» **Task goal**
All lines from the one containing "A variable of" through the final line of the records below should be reproduced exactly, with the pictures left out.

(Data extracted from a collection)
◆ ◆ ◆ ◆
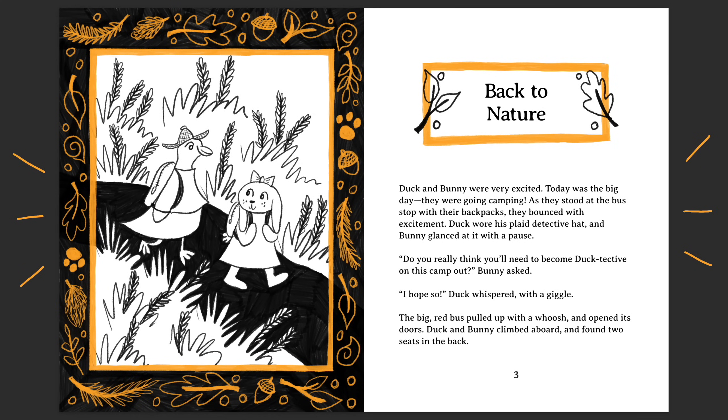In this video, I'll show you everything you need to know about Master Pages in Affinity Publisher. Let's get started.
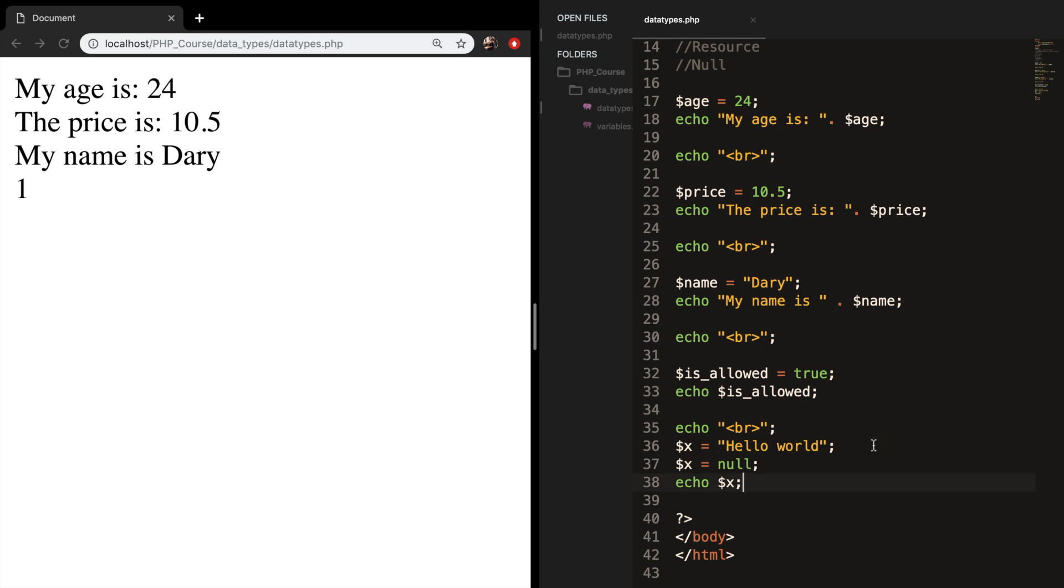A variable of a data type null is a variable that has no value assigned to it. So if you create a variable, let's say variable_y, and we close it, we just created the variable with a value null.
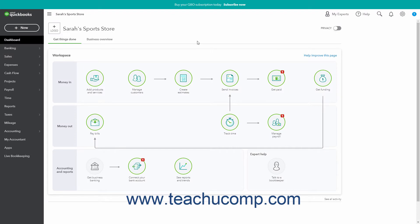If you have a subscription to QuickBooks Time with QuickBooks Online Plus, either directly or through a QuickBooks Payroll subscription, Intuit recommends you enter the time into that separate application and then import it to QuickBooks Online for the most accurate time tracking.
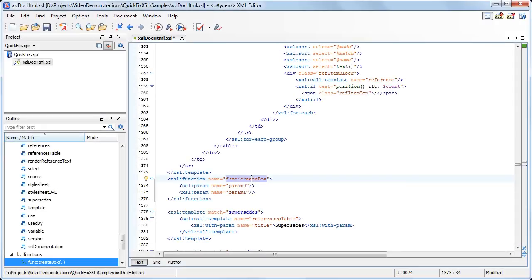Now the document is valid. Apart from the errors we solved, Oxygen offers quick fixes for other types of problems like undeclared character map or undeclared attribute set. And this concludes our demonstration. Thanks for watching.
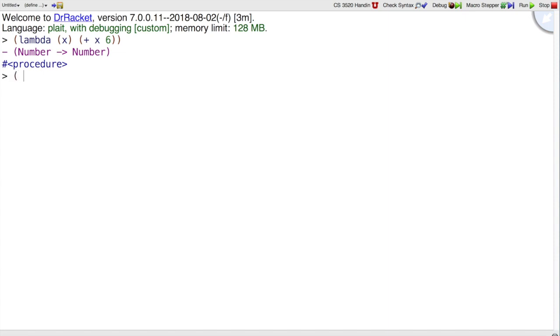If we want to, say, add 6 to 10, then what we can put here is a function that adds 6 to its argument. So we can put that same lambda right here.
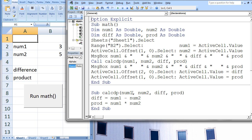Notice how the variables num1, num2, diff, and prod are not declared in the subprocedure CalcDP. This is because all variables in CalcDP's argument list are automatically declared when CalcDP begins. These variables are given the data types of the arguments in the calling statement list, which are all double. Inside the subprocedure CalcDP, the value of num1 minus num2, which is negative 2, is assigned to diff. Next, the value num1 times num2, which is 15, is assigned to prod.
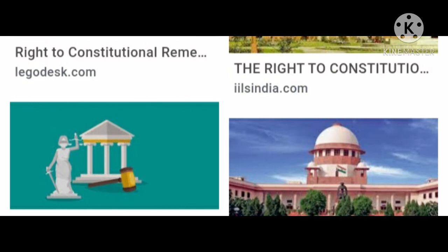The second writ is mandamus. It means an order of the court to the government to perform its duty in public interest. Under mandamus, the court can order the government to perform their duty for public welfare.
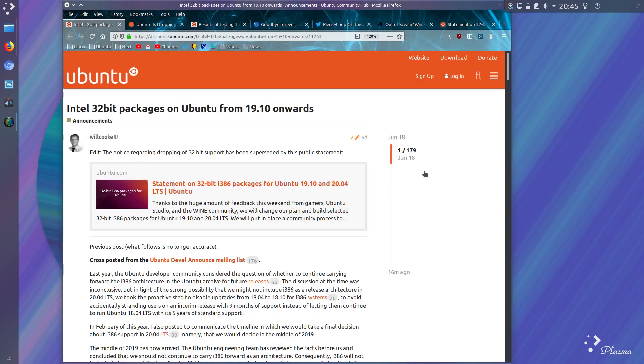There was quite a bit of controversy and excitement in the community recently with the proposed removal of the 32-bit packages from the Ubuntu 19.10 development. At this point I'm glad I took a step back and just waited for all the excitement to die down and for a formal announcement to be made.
◆ ◆ ◆ ◆
» **Task result**
A variable of a data type null is a variable that has no value assigned to it. So if you create a variable, let's say variable_y, and we close it, we just created the variable with a value null.
If you have a subscription to QuickBooks Time with QuickBooks Online Plus, either directly or through a QuickBooks Payroll subscription, Intuit recommends you enter the time into that separate application and then import it to QuickBooks Online for the most accurate time tracking.
Now the document is valid. Apart from the errors we solved, Oxygen offers quick fixes for other types of problems like undeclared character map or undeclared attribute set. And this concludes our demonstration. Thanks for watching.
If we want to, say, add 6 to 10, then what we can put here is a function that adds 6 to its argument. So we can put that same lambda right here.
Notice how the variables num1, num2, diff, and prod are not declared in the subprocedure CalcDP. This is because all variables in CalcDP's argument list are automatically declared when CalcDP begins. These variables are given the data types of the arguments in the calling statement list, which are all double. Inside the subprocedure CalcDP, the value of num1 minus num2, which is negative 2, is assigned to diff. Next, the value num1 times num2, which is 15, is assigned to prod.
The second writ is mandamus. It means an order of the court to the government to perform its duty in public interest. Under mandamus, the court can order the government to perform their duty for public welfare.
There was quite a bit of controversy and excitement in the community recently with the proposed removal of the 32-bit packages from the Ubuntu 19.10 development. At this point I'm glad I took a step back and just waited for all the excitement to die down and for a formal announcement to be made.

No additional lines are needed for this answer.